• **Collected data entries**
────────

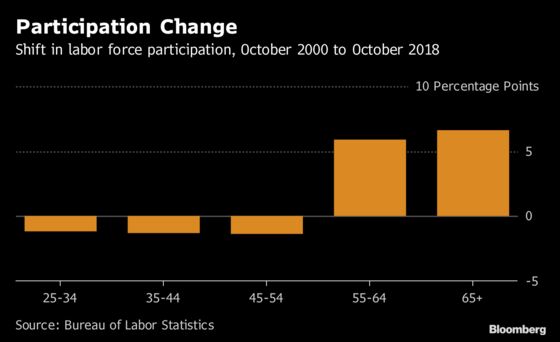 How Policy Changes Kept America's Silver Workforce On The Job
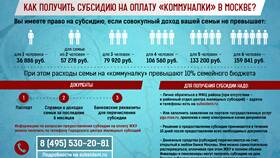Как рассчитать размер субсидии ЖКХ в ЕКА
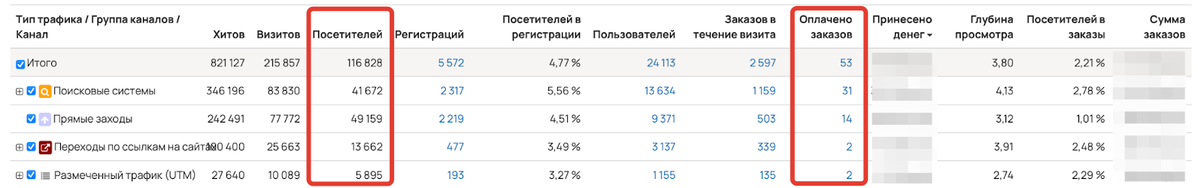 <p>
Количество посетителей и оплаченных ими заказов в разделе «Сайт — Трафик» на вкладке «Отчет»	</p>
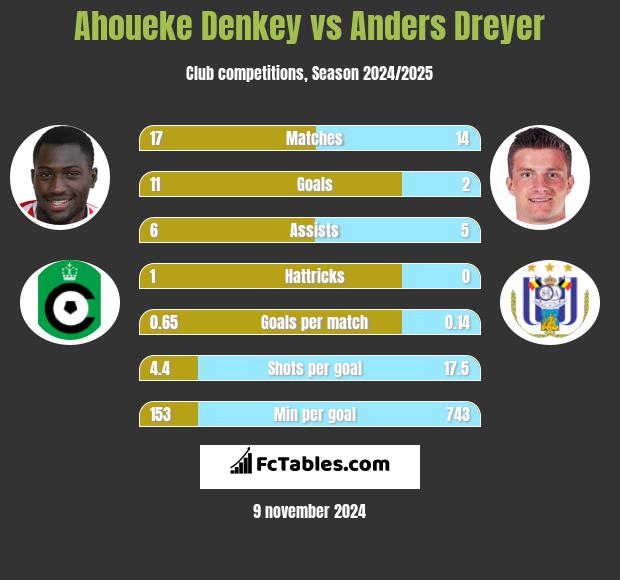 Ahoueke Denkey vs Anders Dreyer h2h player stats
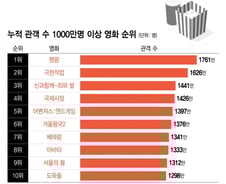 [더차트] '왕과 사는 남자' 1000만 돌파할까…한국 영화 관객 순위
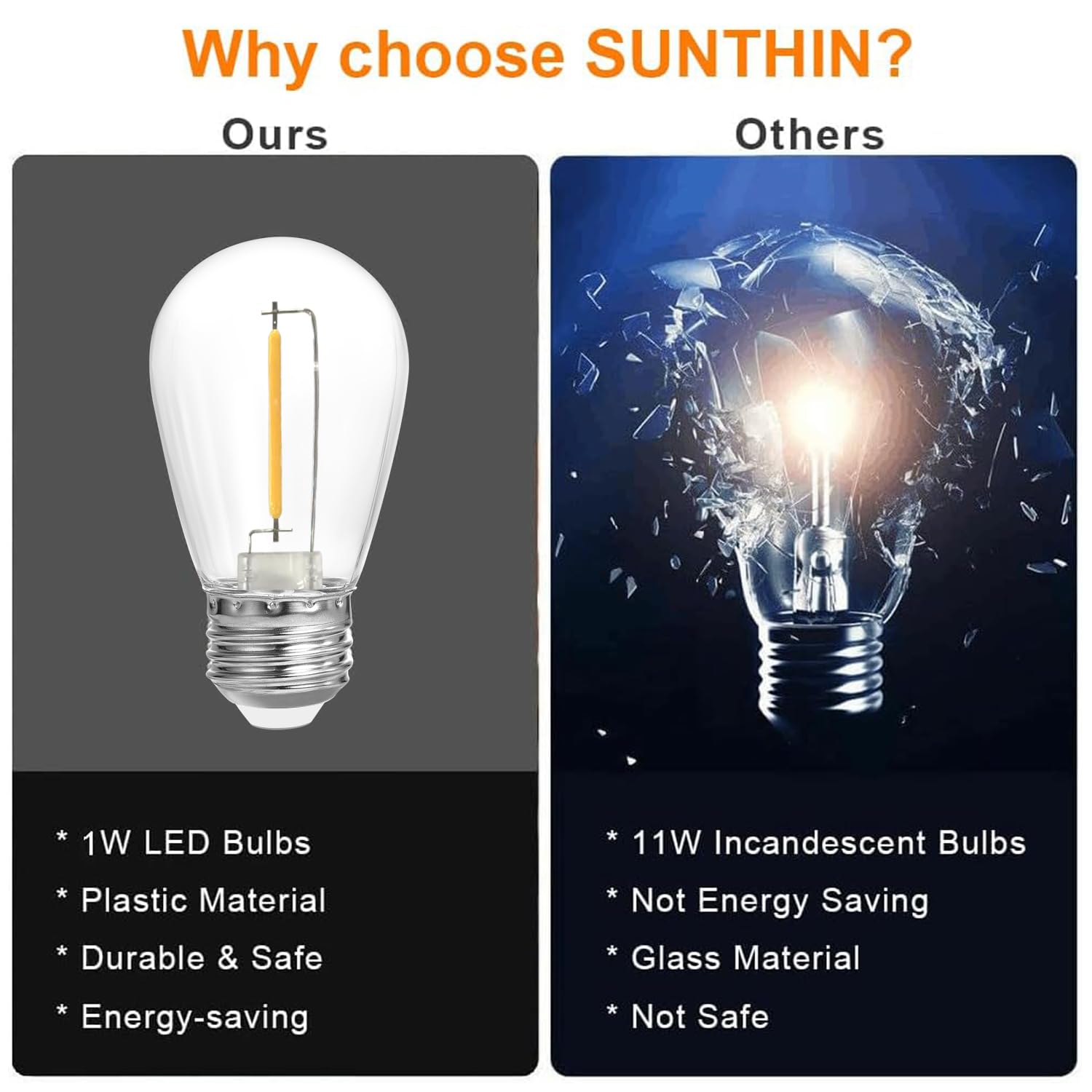 SUNTHIN 25 Pack Dimmable 1W S14 Replacement LED Bulbs 2700K Warm White Waterproof Outdoor String Lights Vintage Filament — view 3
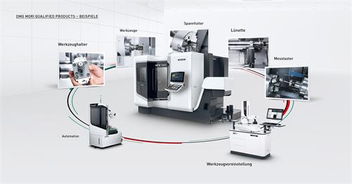 dmg mori 2018工廠開放日 創新的機床和一體化的自動化系統 您的未來生產解決方案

────────

• **WHAT TO PRODUCE**
Starting with the line that has "[더차트] '왕과 사는 남자' 1000만 돌파할까…한국 영화 관객 순위" and ending with the last line of the records, retype every line exactly and only those lines. Do not include the pictures.

• **ANSWER**
 [더차트] '왕과 사는 남자' 1000만 돌파할까…한국 영화 관객 순위
 SUNTHIN 25 Pack Dimmable 1W S14 Replacement LED Bulbs 2700K Warm White Waterproof Outdoor String Lights Vintage Filament — view 3
 dmg mori 2018工廠開放日 創新的機床和一體化的自動化系統 您的未來生產解決方案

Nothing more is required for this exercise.